Those who back him have praised him for many things. For being a fighter, a deadly counterpuncher, a bold outsider, a shrewd negotiator, a skillful tactician, and a tireless achiever and survivor. What no one seems to want to say out loud about this man who arrived on the presidential stage with no previous political experience is what should be dead obvious to everyone, friend and foe alike. Donald Trump is a brilliant politician, very possibly a political genius without peer in American history.

Democrats can’t admit it because it’s indispensable to their characterizations of Trumpian incompetence that he NOT be a politician at all, but an amateur accident hopelessly over his head in Washington DC. The GOPe can’t admit it for the same reasons. And the army of ardent Trump devotees can’t admit it because it doesn’t square with the symbolism of his — and their — electoral triumph. He is the man on the white horse, the bull in the china shop, the fly in the ointment, the U.S. Cavalry arriving in the nick of time, the “flying fickle finger of fate” poking the DC Uniparty and its legions of corrupt professional politicians in the eye.

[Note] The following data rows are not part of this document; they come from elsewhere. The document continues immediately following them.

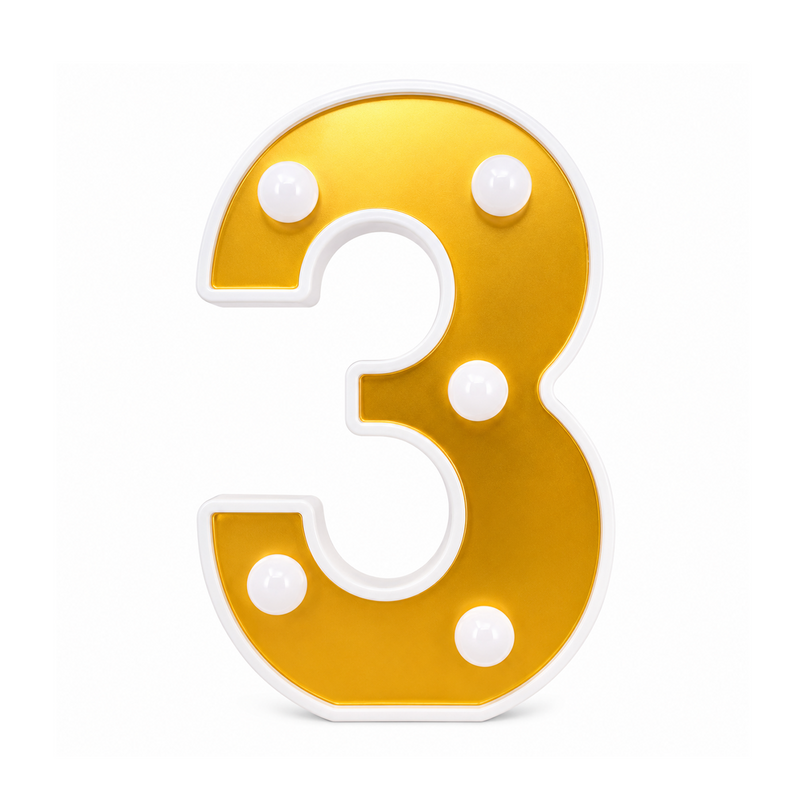 Numero 3 Dorado Con Luz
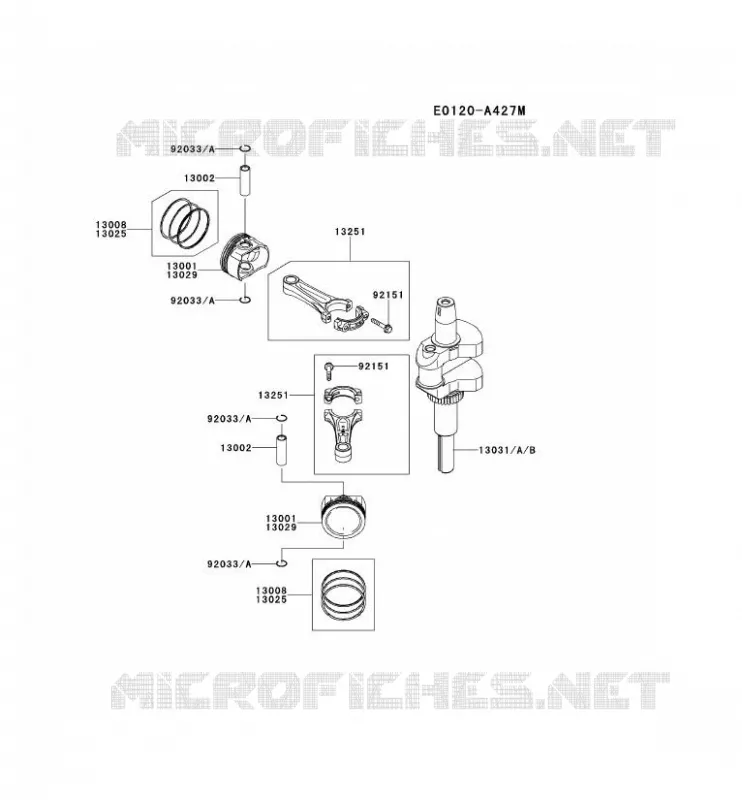 PISTON/VILEBREQUIN Kawasaki Petits Moteurs FS FS541V FS MOTORS  FS541V-CS16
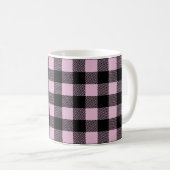Modern rosa Karierter Karo Kaffeetasse (VorderseiteRechts)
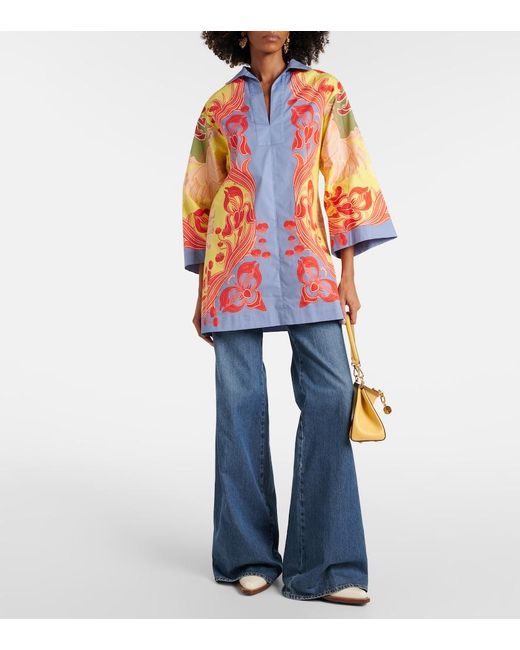 Etro Orange Printed Cotton-Blend Shirt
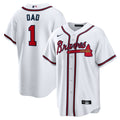 Atlanta Braves #1 Dad Home Replica Jersey - White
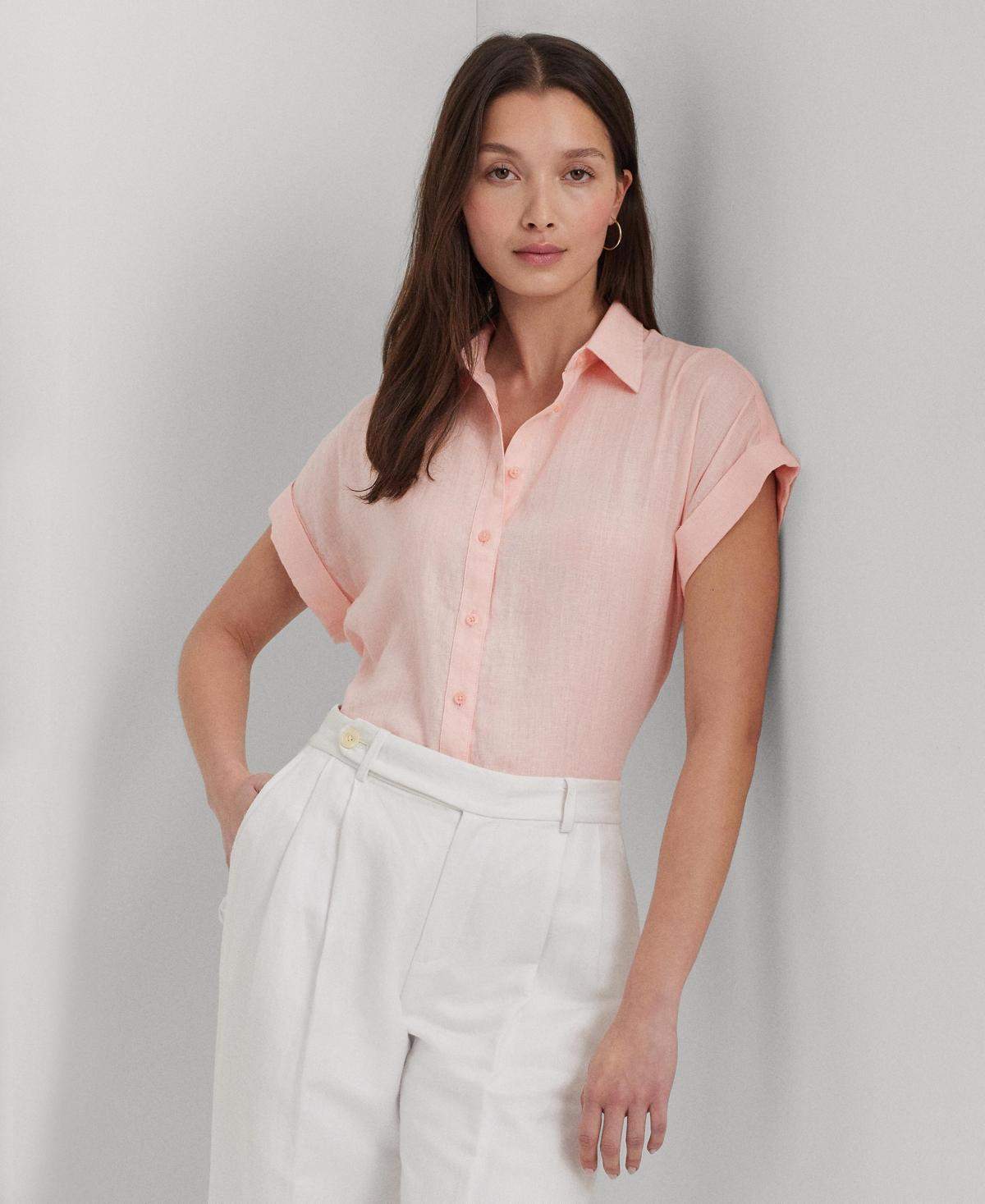 Lauren Ralph Lauren Linen Dolman-Sleeve Shirt Opal) Women's Clothing Product Image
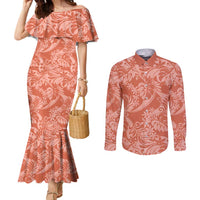 Tahiti Puatou Tiare Floral Couples Matching Mermaid Dress and Long Sleeve Button Shirt Monstera Palm Tropical Leaves LT01 Orange - Polynesian Pride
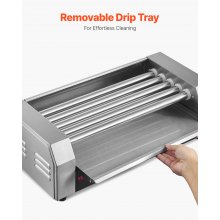 Electric 12 Hot Dog 5 Roller Commercial Sausage Grill Cooker Machine 750W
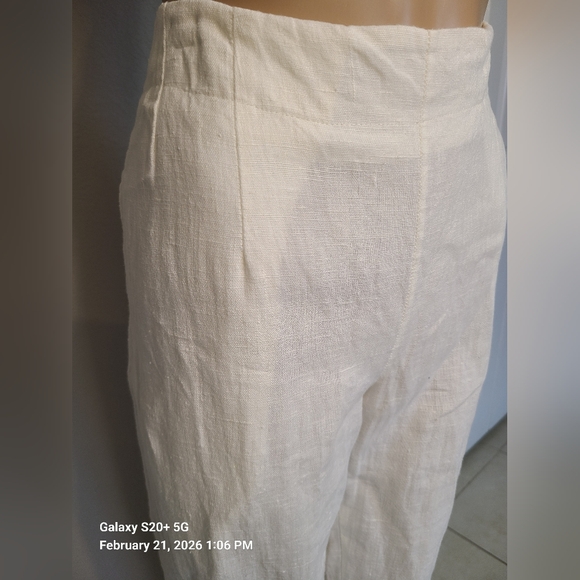 White Linen Pants - Picture 3 of 16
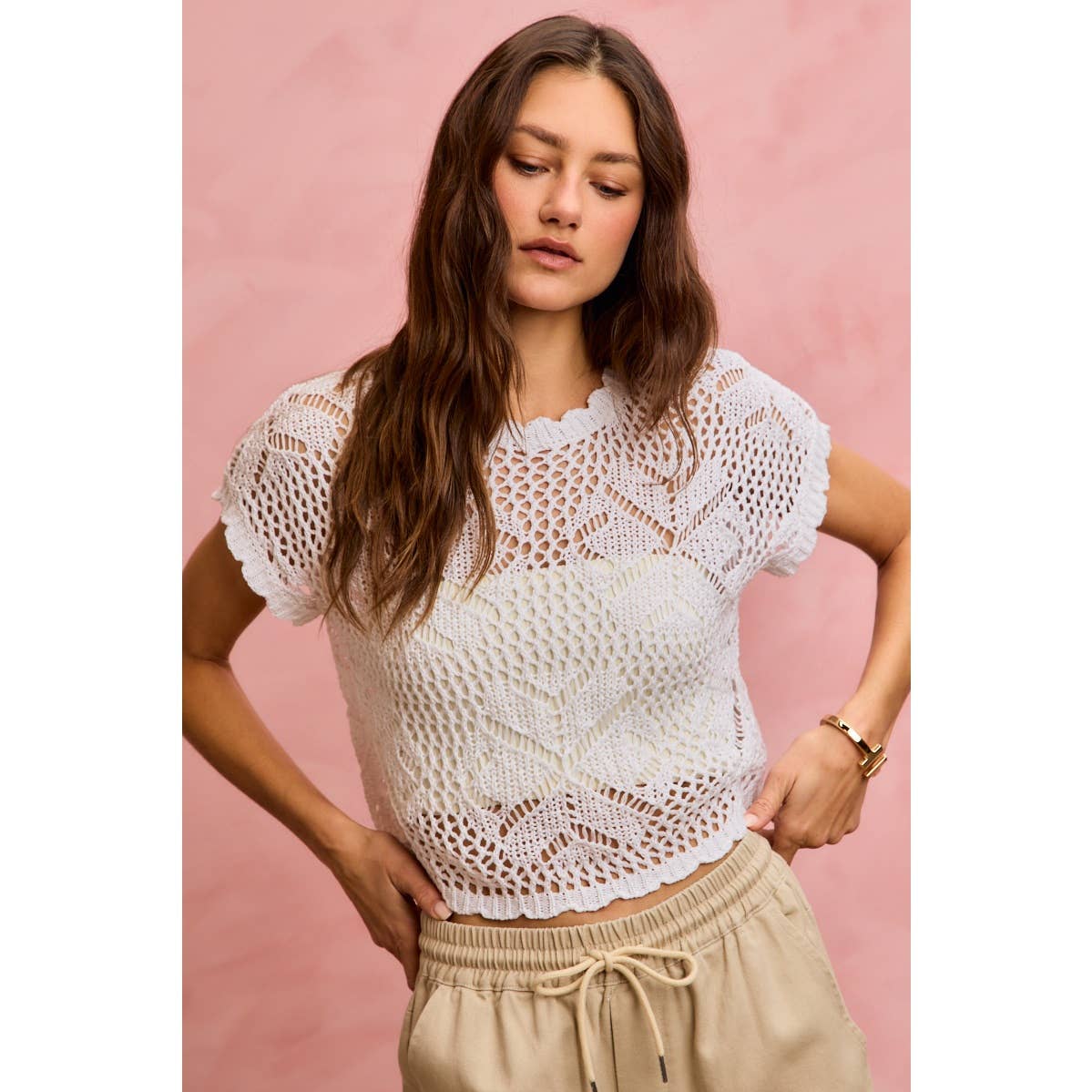 Coastal Breeze Crochet Sweater Top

The pundits know but can’t bring themselves to say it, because it makes them look as dull, cliched, shallow, and myopic as they are. He is a far more gifted student of politics than they could ever be in their wildest dreams.

How great a politician is Donald Trump? If he were a pitcher, he’d have the best curveball, slider, screwball, knuckleball, spitball, beanball, change-up, AND (if all else fails) blazing fastball in the game. His winning of the nomination and election wasn’t luck. It was a combination of a strategy and tactics so original no one was prepared for them. The campaigns did not consist solely of bravado and instinct. Trump’s electoral math and consequent patterns of campaigning and spending were deadly precise. His whole campaign cost a pittance and not only defeated but sank the whole fleet of 20+ candidates who were all, always, running directly against him more than any other. That’s no amateur political performance. That’s a political masterpiece.

His survival in office — and concurrent policy successes — after an inauguration that featured staged riots against his election were no accident either. Two of the most lauded presidents in history for their political acumen were Bill Clinton and Richard Nixon. Both endured their own grave presidential ordeals to which Trump’s can be compared.

Clinton managed his way through the Lewinsky scandal, escaped conviction in the Senate after being impeached for perjury, and finished out his second term with a checkered legacy we needn’t debate here. His survival strategy was to send out phalanxes of legal mouthpieces to doubletalk the charges away for so long that in the end everyone was simply too sick of the whole topic to keep going. If Clinton had made the unforced errors Nixon did during Watergate, he would have been knocked out of office. Perjury is a more serious crime than the Watergate burglary was. But Clinton always had his party and powerful political constituencies behind him, willing to say anything, in exactly the same words, until something really became nothing in the public mind, while the press reported the news with a veneer of objectivity, or neutrality or patience with the process or whatever you want to call their thumb on the scale, that also served to exhaust the electorate.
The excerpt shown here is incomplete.